What kernel module should I add to get a USB Mic to work. I went in checked everysingle USB kernel module checkbox in menuconfig and it still does not show up when I go to preferences >sounds in gnome ....

Thanks.

----------

## Dominique_71

It is snd-usb-audio in the ALSA configuration of menuconfig.

This module support all the USB2 audio class compliant cards. If your webcam is not USB2 audio class2 compliant, you have to search the ALSA website to see if another module will support it.

----------

## l1t

 *Dominique_71 wrote:*   

> It is snd-usb-audio in the ALSA configuration of menuconfig.
> 
> This module support all the USB2 audio class compliant cards. If your webcam is not USB2 audio class2 compliant, you have to search the ALSA website to see if another module will support it.

 

I'm just at work right now so I can't look for that. Would you please like...spell it out for me. As in Filesystems --->  etc. Like explain exactly what menuconfig menus to browse to get to the sn-usb-audio.

Thanks btw.

----------

## BillWho

Just happened to be playing around in here   :Very Happy: 

 Location:                                                                                                                                                                                            │  

  │     -> Device Drivers                                                                                                                                                                                  │  

  │       -> Sound card support (SOUND [=y])                                                                                                                                                               │  

  │         -> Advanced Linux Sound Architecture (SND [=y])                                                                                                                                                │  

  │           -> USB sound devices (SND_USB [=y])                                                                                                                                                          │  

  │

----------

## l1t

 *BillWho wrote:*   

> Just happened to be playing around in here  
> 
>  Location:                                                                                                                                                                                            │  
> 
>   │     -> Device Drivers                                                                                                                                                                                  │  
> ...

 

Great thanks guys! Really appreciate it.

Now while you are here where do I go to enable USB wireless cards such as an Alpha.
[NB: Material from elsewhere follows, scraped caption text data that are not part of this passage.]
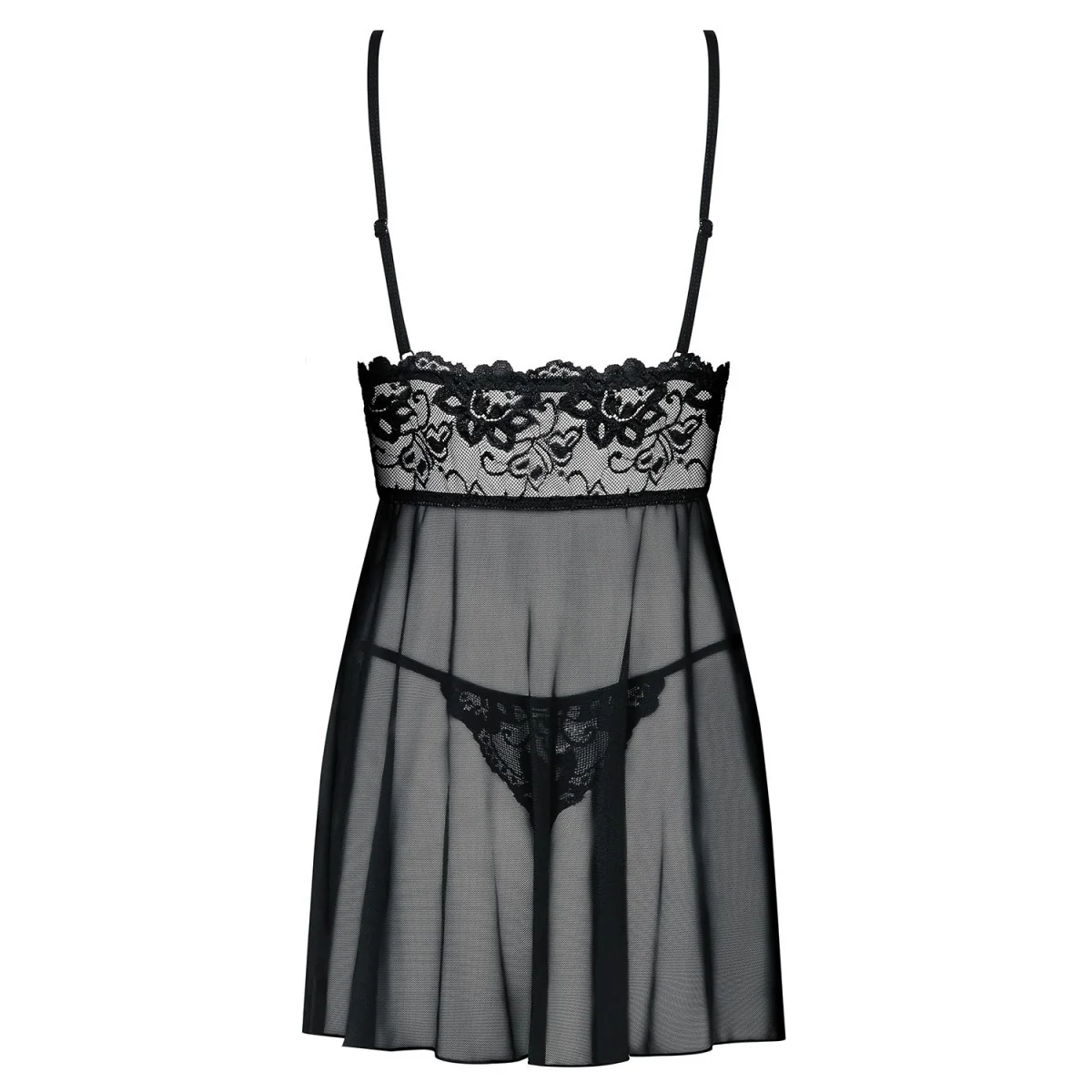 Idillia Babydoll & Tanga schwarz von Obsessive kaufen | Fesselliebe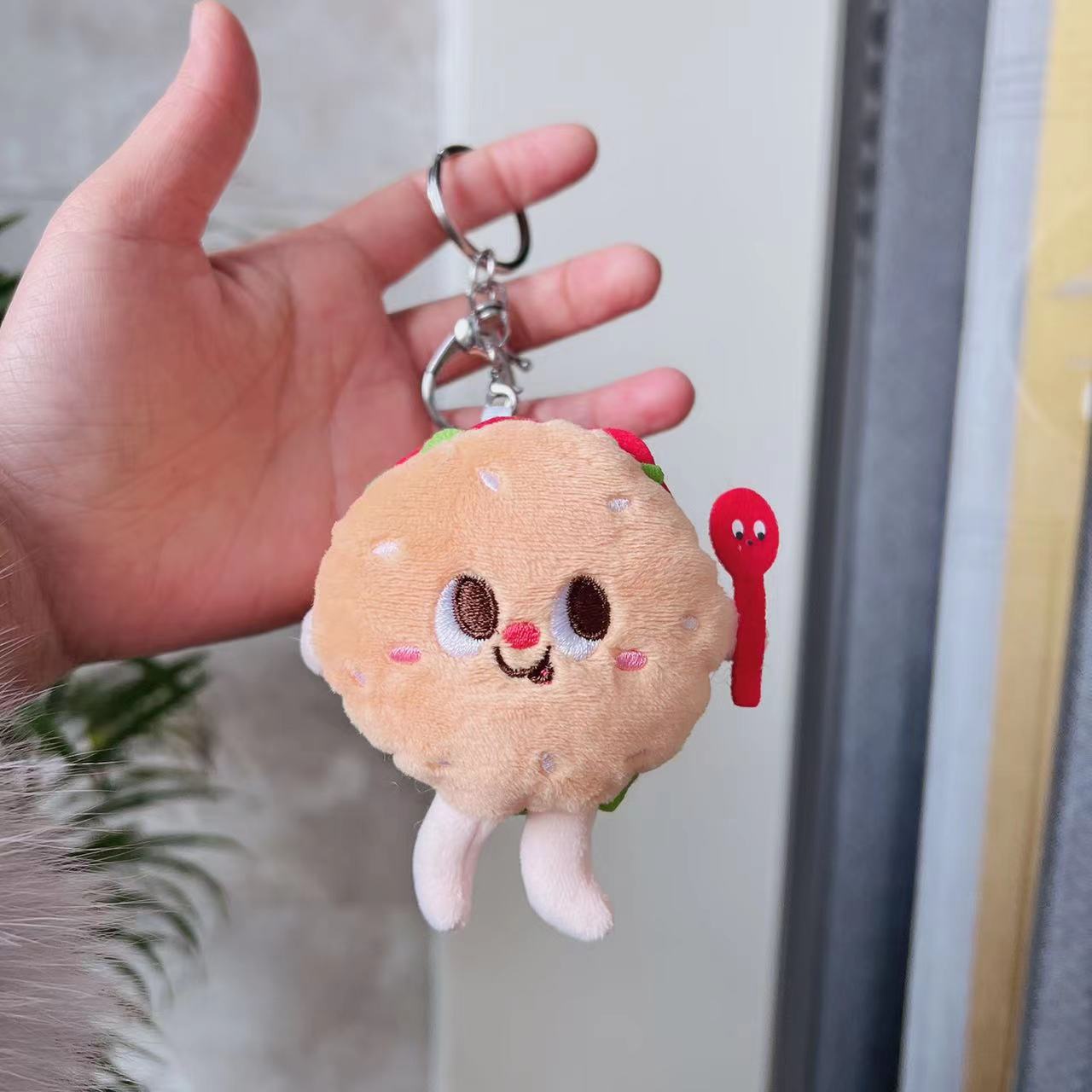 Hamburguesa + hebilla de plata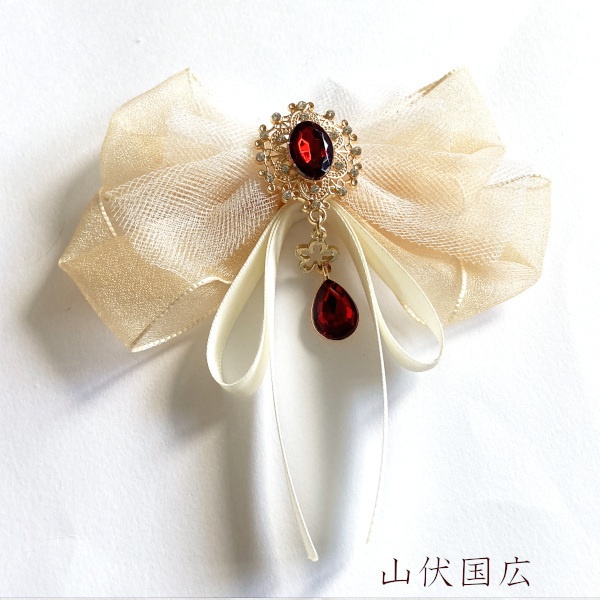 刀剣乱舞 堀川派 初期刀 沖田組 土方組 一文字 天保江戸組 イメージ  リボン 刀涼花 星結い ヘアゴム ヘアクリップ ポニーフック バッグチャーム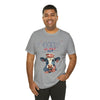 Mother Moo Cow Patriotic 4th of July Short Sleeve T-Shirt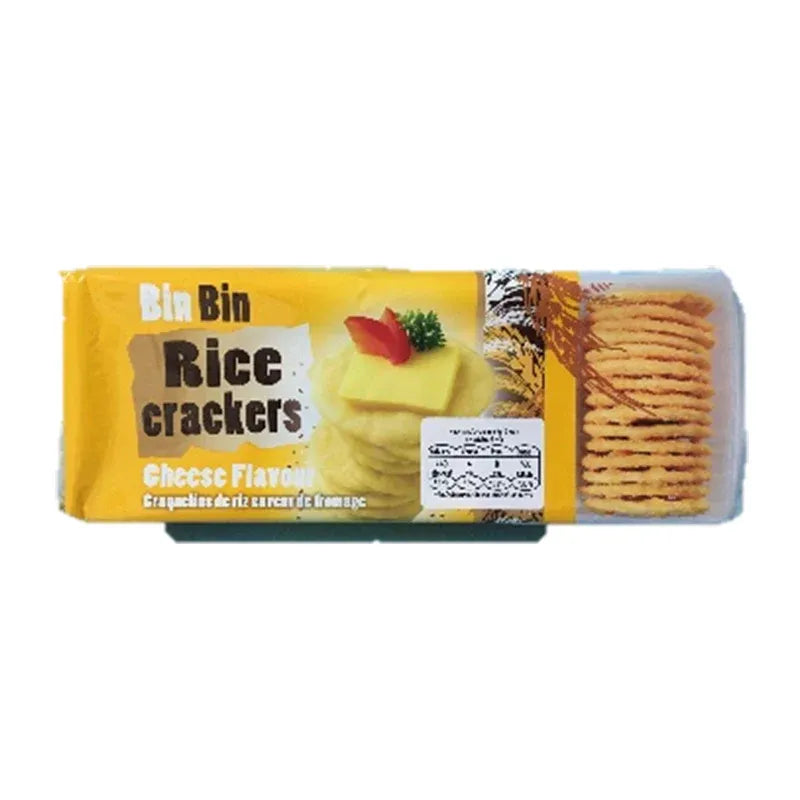Bin Bin Rice Crackers Cheese Flavour 100G
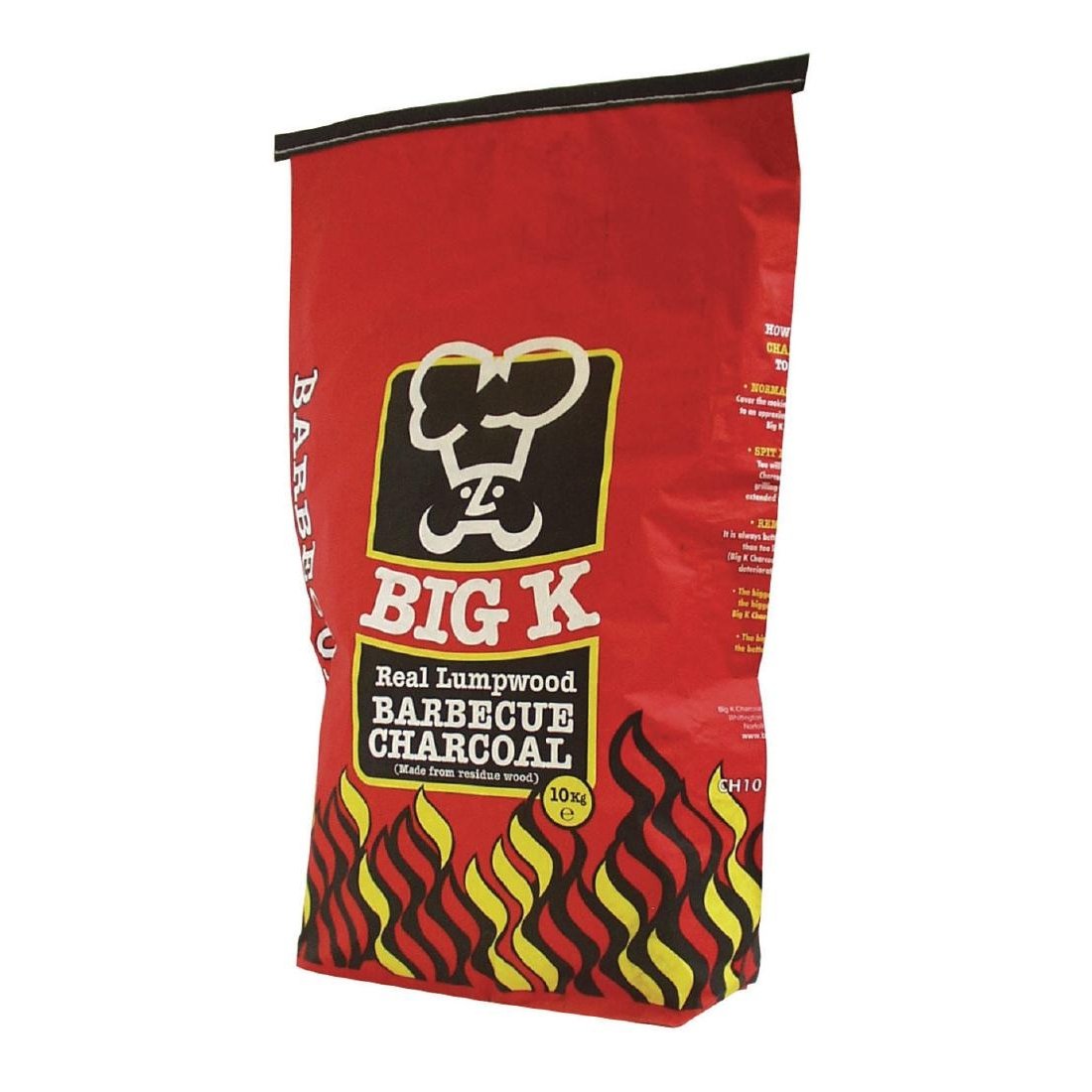BIG K LUMPWOOD BARBECUE CHARCOAL 10KG. CH10 \\\KD14343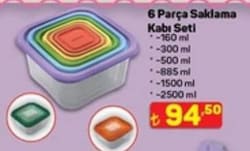 6 Parça Saklama Kabı Seti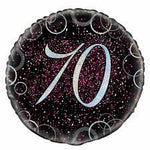 Foil - 18" - 70th (Pink & Silver) (55799)
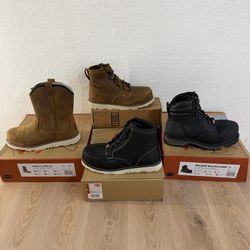 Brunt Marin Perkins Welted Size 10 & 10.5 Work Boots New, Like New, Used, Marks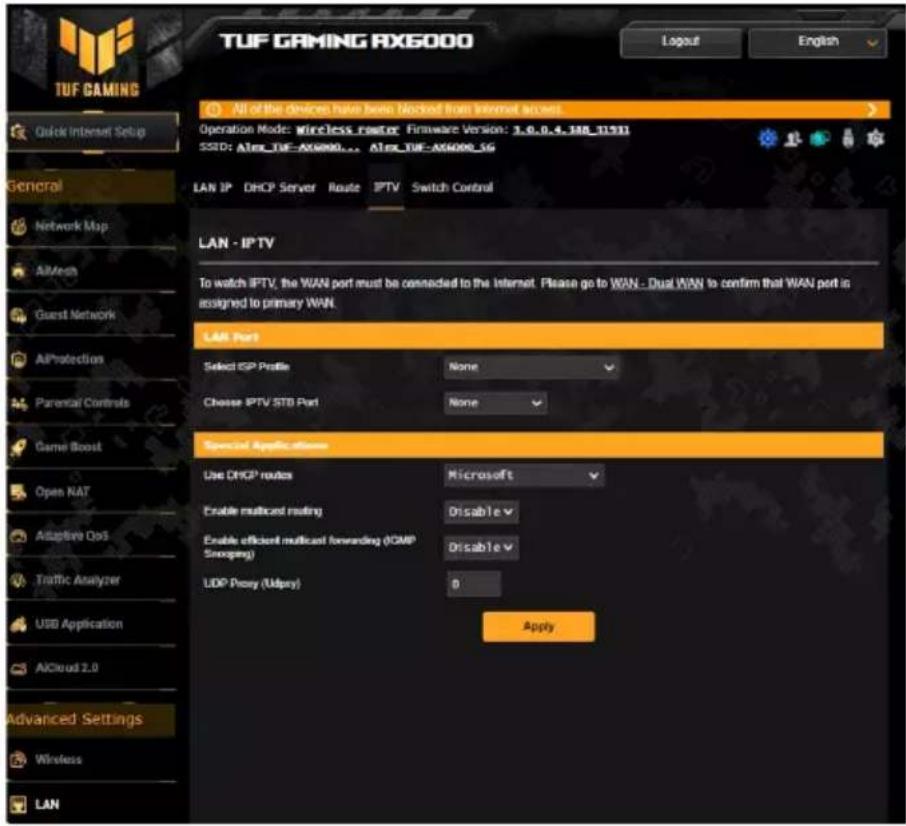 ASUS TUF Gaming TUFAX6000 - Télévision sur IP - 1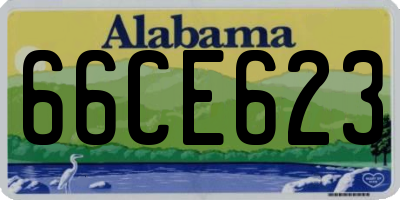 AL license plate 66CE623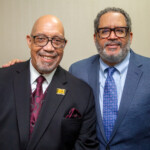 Dr. Rodney L. Hurst, left, and Dr. Michael Eric Dyson, right, following the first day of the Jacksonville Civil Rights Conference. | Will Brown, Jacksonville Today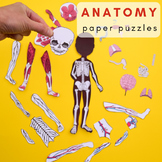 Human Body Anatomy Printable Puzzles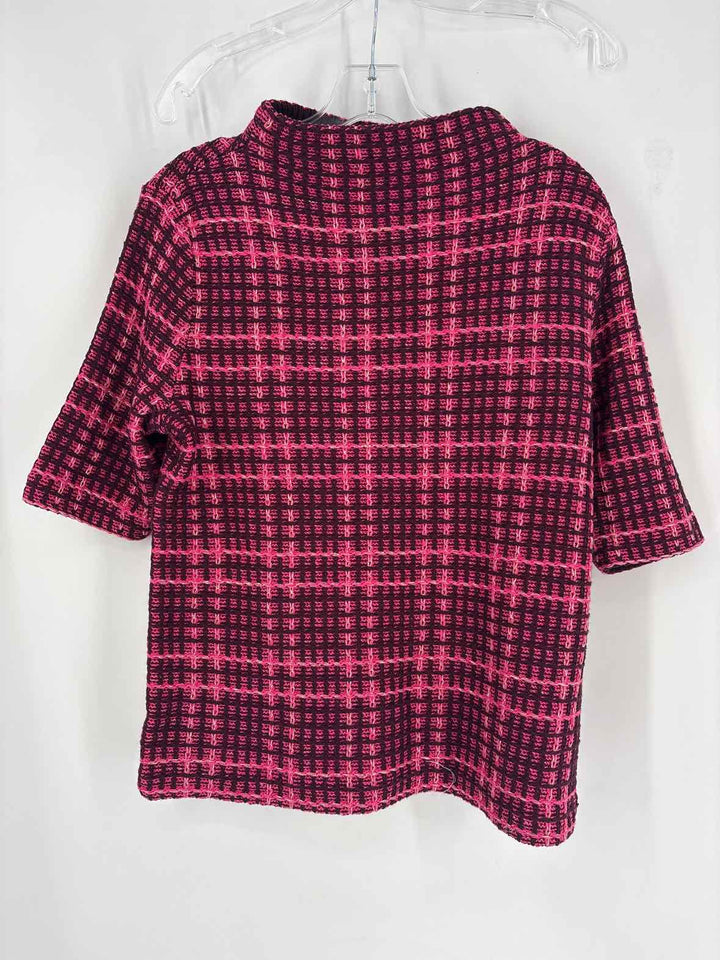 Size M Ann Taylor PINK PRINT Sweater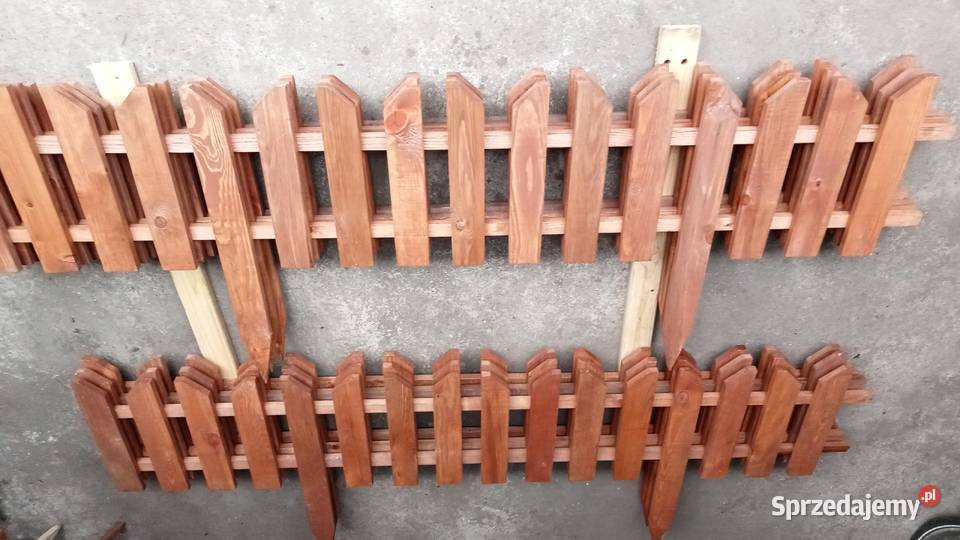 Płotek drewniany ogrodowy Lidzbark-Nadleśnictwo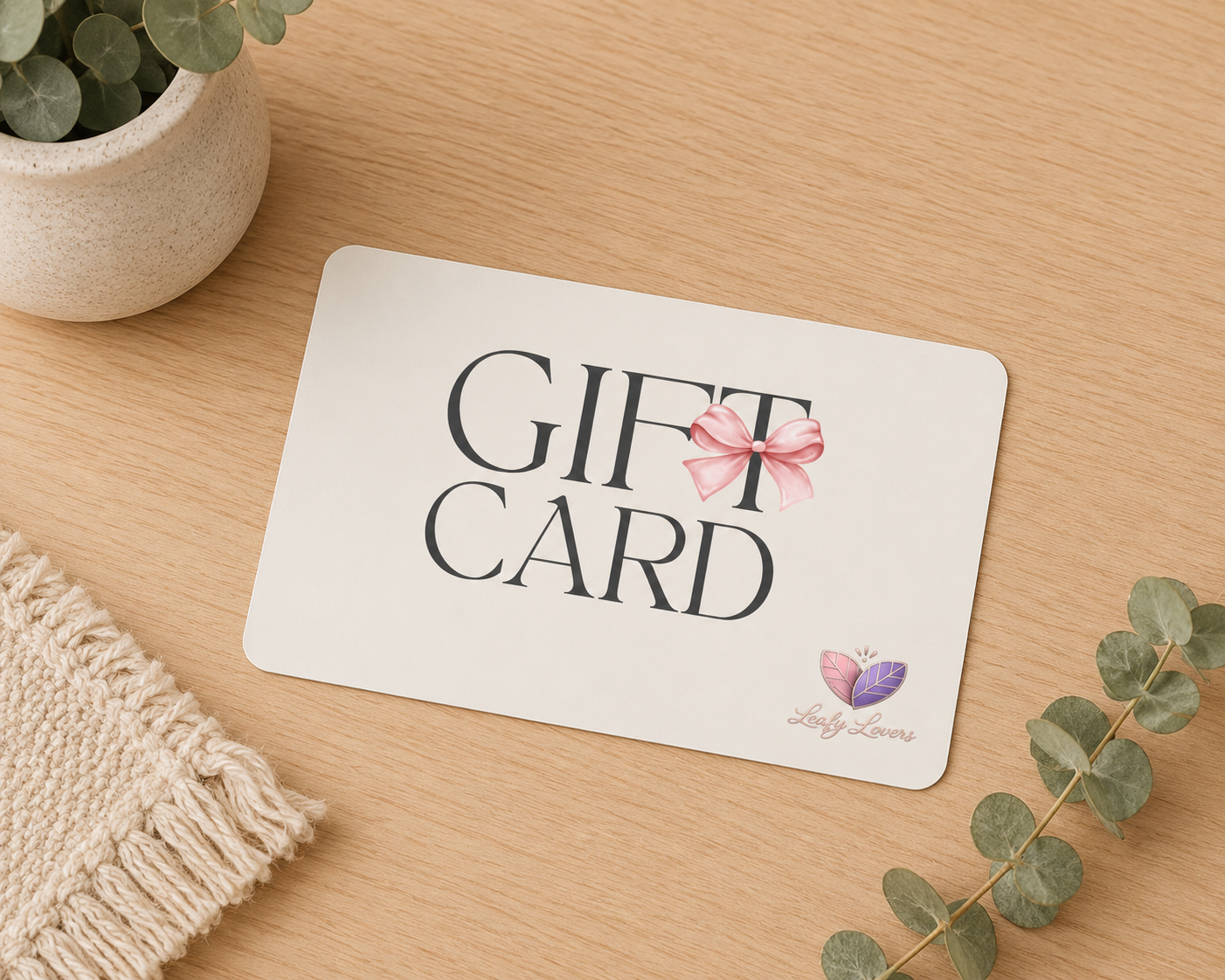 Leafy Lovers Gift Card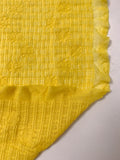 Floral Chevron Vines Lace with Vertical Stretch - Corn Yellow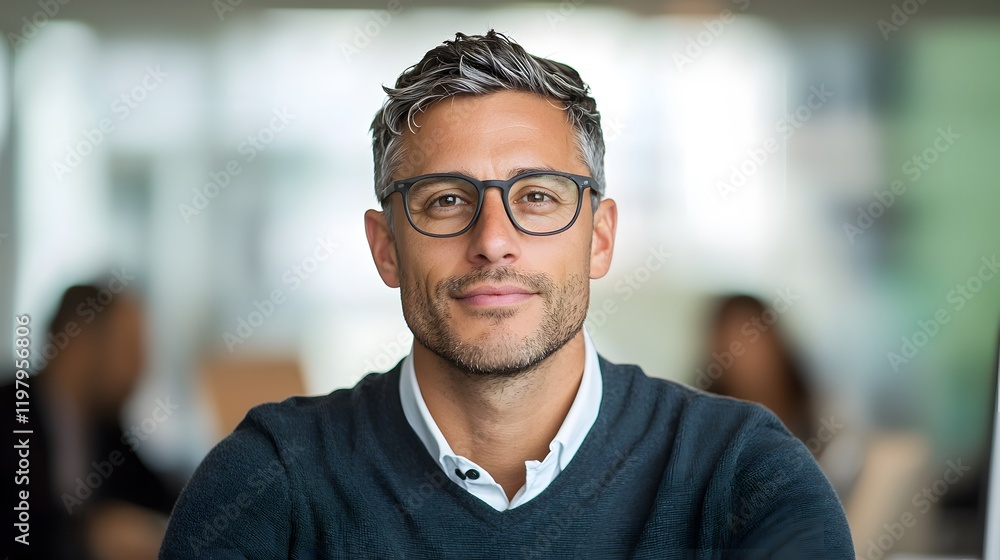 Professional male portrait modern office setting business content contemporary environment close-up view corporate identity Professional male portrait modern office setting business content contemporary environment close-up view corporate identity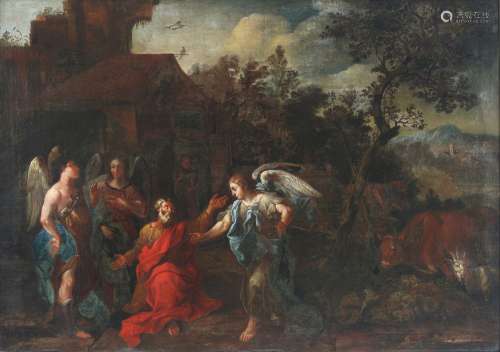 Frans III Francken (1607-1667) attributed, Abraham and the 3...
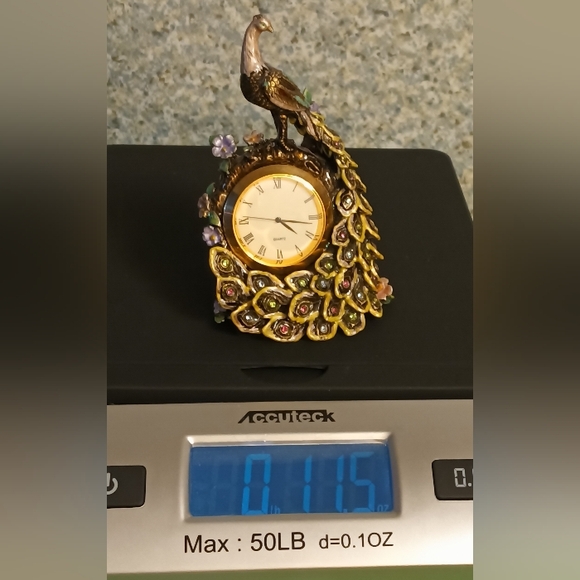 𝑬𝒍𝒆𝒈𝒂𝒏𝒕 𝑽𝒕𝒈.𝑩𝒆𝒋𝒆𝒘𝒆𝒍𝒆𝒅 𝑷𝒆𝒂𝒄𝒐𝒄𝒌 𝑽𝒂𝒏𝒊𝒕𝒚 𝑪𝒍𝒐𝒄𝒌 - Picture 13 of 15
Or even internal wireless card modules?

----------

## Dominique_71

I always put everything that is ALSA related as modules. Just follow the guide: http://www.gentoo.org/doc/en/alsa-guide.xml and you must be fine.

----------

## l1t

 *Dominique_71 wrote:*   

> I always put everything that is ALSA related as modules. Just follow the guide: http://www.gentoo.org/doc/en/alsa-guide.xml and you must be fine.

 

Basically everything is compiled into my kernel. When I do lsmod all I see is Vbox (for virtualbox) and Nvidia.  This can be potentially bad right?

----------

## NeddySeagoon

l1t,

Menuconfig has a search function.  Press the / key and enter usb-audio

----------

## l1t

 *NeddySeagoon wrote:*   

> l1t,
> 
> Menuconfig has a search function.  Press the / key and enter usb-audio

 

Oh cool like vim. Thanks.

----------

## Dominique_71

 *l1t wrote:*   

>  *Dominique_71 wrote:*   I always put everything that is ALSA related as modules. Just follow the guide: http://www.gentoo.org/doc/en/alsa-guide.xml and you must be fine. 
> 
> Basically everything is compiled into my kernel. When I do lsmod all I see is Vbox (for virtualbox) and Nvidia.  This can be potentially bad right?

 

If it work for you, it's fine. But to have ALSA into the kernel made more difficult to configure it because you will have to pass the parameters (like the card index with multiple sound cards setup) in the kernel line of your boot manager (grub, ...), and reboot after changing them.

When they are modules, you can change /etc/modprobe.d/alsa.conf at any time, and restart alsa with the new configuration with "update-modules; /etc/init.d/alsasound restart".

----------